The Problem: Lessons That Don't Stick

AI coding agents lose context between sessions. A lesson learned Tuesday is forgotten Thursday. This isn't a minor inconvenience — it's an operational risk.

Between January 9 and February 6, 2026, I logged seven significant incidents:

Date Incident Cost Root Pattern
Jan 9 EventBridge rules disabled Missed trading window Unverified deployment
Jan 12 Silent heuristic fallback $55-90 wasted Silent fallback
Jan 12 Constant prescreening scores $20-40 wasted Unverified output
Jan 13 Alphabetical bias (all A-stocks) Missed diversity Unverified output
Jan 14 RL model never used (6 days) $150-250+ wasted Feature mismatch + silent fallback
Jan 30 KXIN concentration ($78,947 loss) $78,947 Silent fallback + missing risk check
Feb 6 SageMaker segfault 5 hours lost Training/inference mismatch

These weren't seven independent failures. They were variations on three themes: silent fallbacks masking broken systems, deployments assumed to work without verification, and training code leaking into inference containers.

We had post-mortems. We had a LESSONS_LEARNED.md. Incidents kept happening because there was no mechanism to turn a lesson into a constraint that an AI agent would respect on its next session.
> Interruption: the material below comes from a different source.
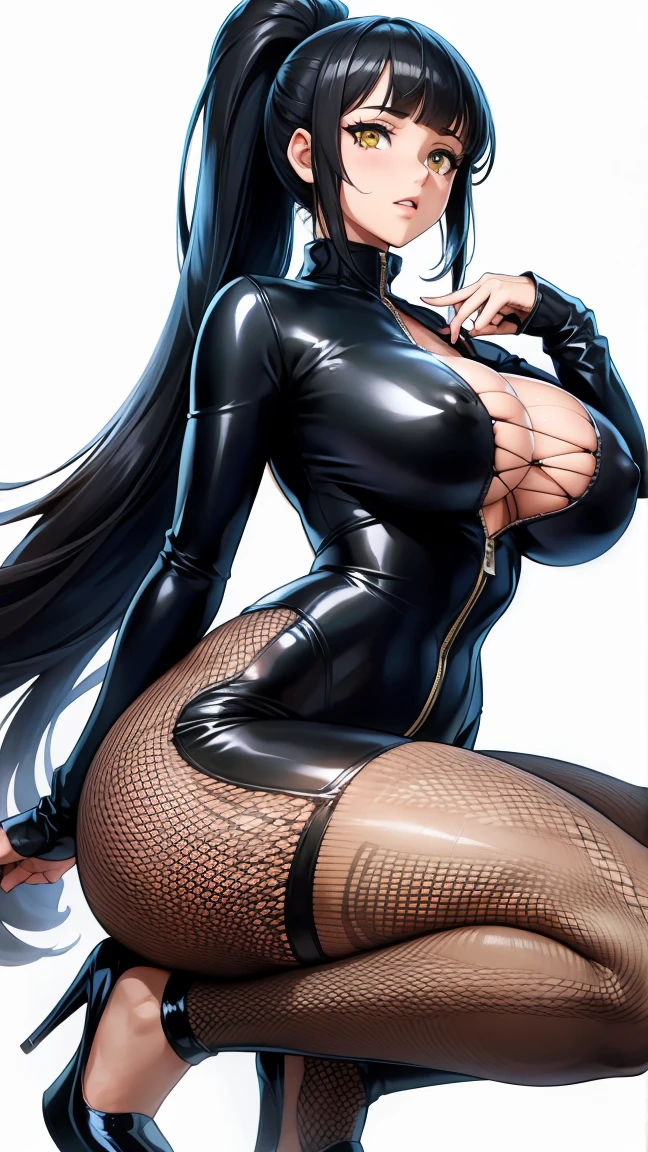 score_9, score_8_up, score_7_up, score_6_up, score_5_up, score_4_up, BREAK ,blunt bangs,Gray Hair,Yellow Eyes,ponytail,very big breasts,Sweaty,Overflowing breasts,empty eye,Erect nipples,sagging breasts,Jumpsuit,latex,High heels,Fishnet tights,White background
The post-mortem for Jan 12's silent fallback explicitly documented "NEVER use try/except with silent fallback for model inference." Six days later, the Jan 30 loss was caused by the exact same pattern — the RL endpoint's silent fallback to heuristics. The lesson existed. The enforcement mechanism didn't.

The question became: how do you make documentation that doesn't just record knowledge, but actively prevents the recurrence of the failures it documents?

Four Layers of Operational Documentation

The answer turned out to be four concentric layers, each with a different audience, update frequency, and enforcement mechanism. The innermost layer is the most concentrated and the most frequently consulted. Each outer layer adds depth and context.

Four Layers of Operational Documentation

Layer 1: CLAUDE.md — The Team Lead

CLAUDE.md sits at the repository root. AI coding agents load it automatically at the start of every session. It's the single most important file in the documentation system because it's the only one that's always in context.

It contains 12 policies. Each one traces directly to a specific failure:

## Key Policies (from past failures)

1. **Follow docs first** — Read procedures before acting. Don't assume.
2. **Never sleep/wait** — Check status once, report to user, move on.
3. **Verify deployments** — "Deployed" ≠ "Working". Always check logs.
4. **Fail fast, never silently** — No try/except fallbacks that mask failures.
5. **CI/CD is mandatory** — Never bypass PR checks, never merge before
   tests pass, never manually deploy Lambda (except emergencies).
6. **Separate training/inference code** — Ray imports in inference
   containers = segfault. Duplicate model architecture instead.
7. **Feature consistency** — Training and inference must use identical
   feature lists. Single source of truth.
8. **Feature expansion is additive** — New features need backward-compatible
   fallbacks. Never break existing data/models.
9. **Pipeline is event-driven** — Freeze pipeline state BEFORE stopping
   jobs, or orchestrator advances unexpectedly.
10. **Urgent failures = act first** — Stop failing jobs → deploy fix to S3 →
    reset SSM → retrigger → THEN do PR paperwork.
11. **Explicit plan approval** — Never start implementing until user says
    "go ahead".
12. **Overnight jobs** — Never say "you're good to sleep" until a job has
    COMPLETED successfully.

The mapping from policies to incidents is direct:

  • Policy 3 ("Verify deployments") ← Jan 14: RL model "deployed" but never actually loaded. Agent reported success without checking logs.
  • Policy 4 ("Fail fast, never silently") ← Jan 12 and Jan 30: Silent fallback to heuristics masked complete model failure for weeks.
  • Policy 6 ("Separate training/inference code") ← Feb 6: Used RLlib training script as inference entry point. Ray import caused a segfault. Five hours lost.
  • Policy 10 ("Urgent failures = act first") ← Feb 17: SageMaker jobs burning money while we debated the correct CI/CD process.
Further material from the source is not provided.